Employer's flexibility in selecting redundancy pool

 In July the Employment Appeal Tribunal gave a judgment confirming that an employer has a wide degree of flexibility in choosing the pools for selection in a redundancy process (Lomond Motors Ltd v Clark) One accountant was responsible for both branches in the west region. There were two accountants, including Mr Clark, for the east. Lomond Motors decided to reduce its staffing so that there would be just one branch accountant in the east responsible for both dealerships in the east. This obviously meant that one of the accountant's positions would be redundant.

There was always going to be a choice for the appellant company in deciding how to create pools. Lomond Motors had four car dealerships, two in the west of Scotland and two in the east. Mr Clark originally worked as a branch accountant in the west but by the time that he was dismissed he worked in the east.

The company used a selection pool consisting only of the two branch accountants in the east and it was Mr Clark who was selected for redundancy.
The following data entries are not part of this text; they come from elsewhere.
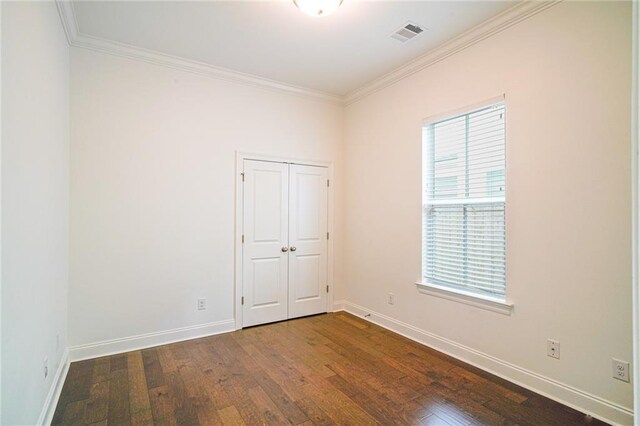 empty room with dark hardwood / wood-style flooring, a wealth of natural light, and ornamental molding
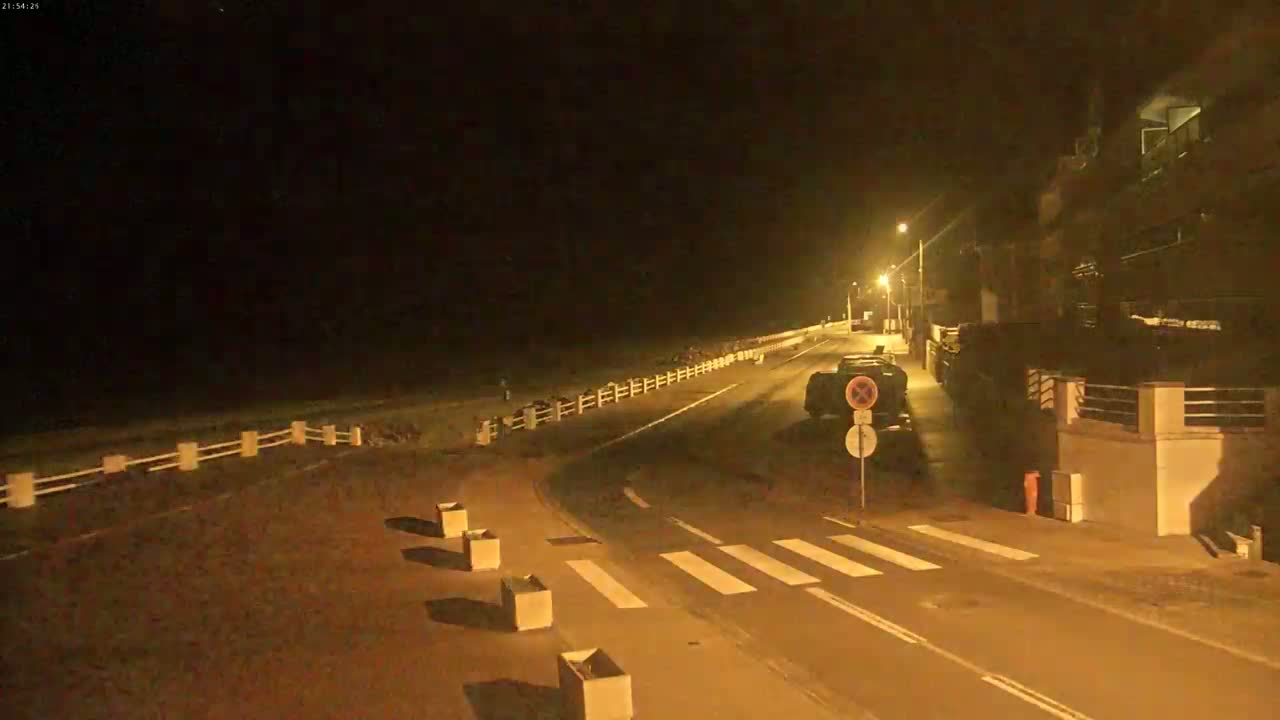 A nighttime view of a mostly empty road next to a beach, lit by streetlights, with a few parked cars and some square planters along the roadside.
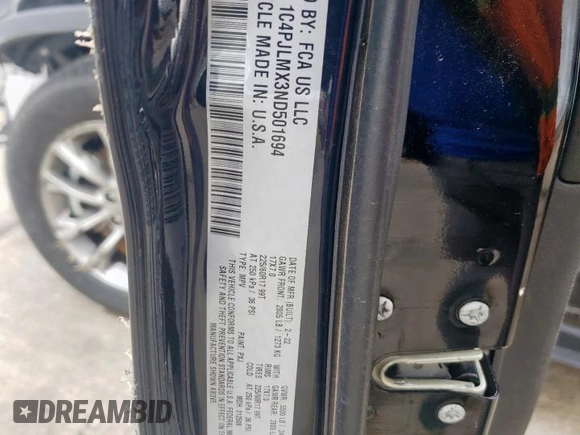 2022 Jeep Cherokee Latitude Lux with VIN 1C4PJLMX3ND501694, listed as a Copart auction lot 60551415 with 112,268 mi miles and Salvage title. Bid and sale history available at DreamBid. Image 14.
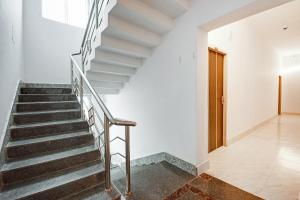 KhandagiriSuper Collection O Sayhallo Hillside Magnum的白色墙壁和木门房子的楼梯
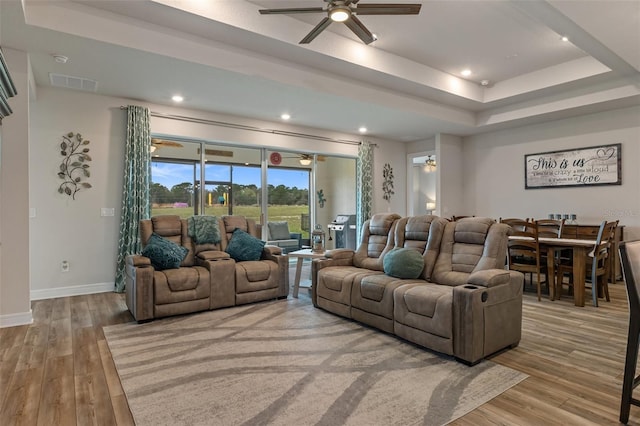 living area featuring ceiling fan, visible vents, baseboards, light wood-type flooring, and a raised ceiling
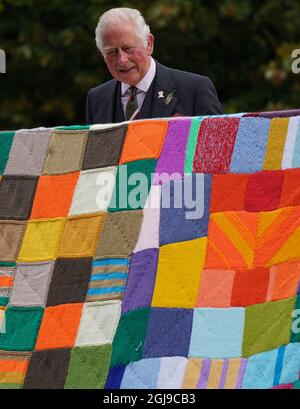 The Prince of Wales Charles also known as the Duke of Rothesay unveils a knitted art installation during a visit to Dumfries House in Cumnock, Ayrshire, Scotland, Britain, September 9, 2021. Andrew Milligan/PA Wire/Pool via REUTERS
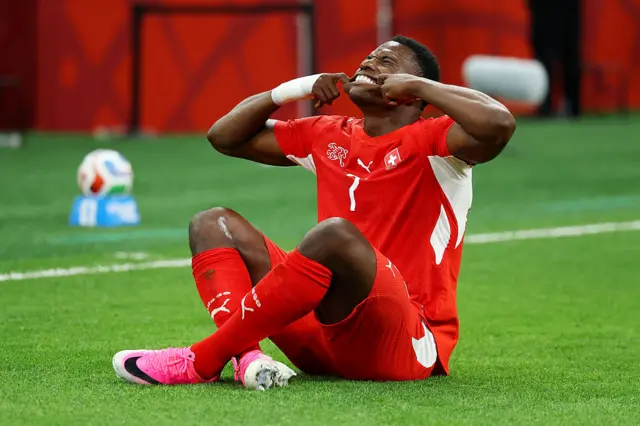 Breel Embolo celebrates giving Switzerland the lead against Algeria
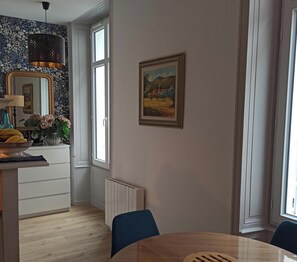 A dining area with a round table, chairs, a radiator, a window, and a painting on the wall. - Very pretty studio 100 meters from the main beach and pedestrian streets. (Les Sables-d'Olonne)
His claim for unfair dismissal was based on an argument that the selection pool should have comprised all three branch accountants, including the one in the west. The tribunal found in his favour.  There were also arguments on which the tribunal misled itself relating to a mobility clause in Mr Clark’s contract.
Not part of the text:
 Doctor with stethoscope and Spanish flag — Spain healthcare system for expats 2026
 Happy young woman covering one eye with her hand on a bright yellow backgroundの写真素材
The EAT disagreed with the Tribunal and declared the dismissal to be fair, The EAT pointed out that the question that a Tribunal must consider in these circumstances is whether the method and selection were such as could have been determined by a reasonable employer: different people can quite properly form different views about what is fair in any given situation: so, the employer therefore has a wide measure of flexibility to determine the appropriate pool. Lomond Motors' chosen pool was within the range of reasonable responses of a reasonable employer. 

The case acts as an important reminder that, provided employers can show that they have genuinely considered how the pools from which employees will be selected for redundancy are formed and provided that their decision can be seen to be reasonable even though there are other ways of selecting pools, they will not for that reason have acted unfairly.  

This is a helpful decision for employers and confirms the flexibility that they have in deciding upon an appropriate selection pool for redundancy provided they do so in a reasonable way. If an employer can put forward a reasonable case for using the selection pool that they did, a tribunal should not impose its own view of what pool it might have chosen.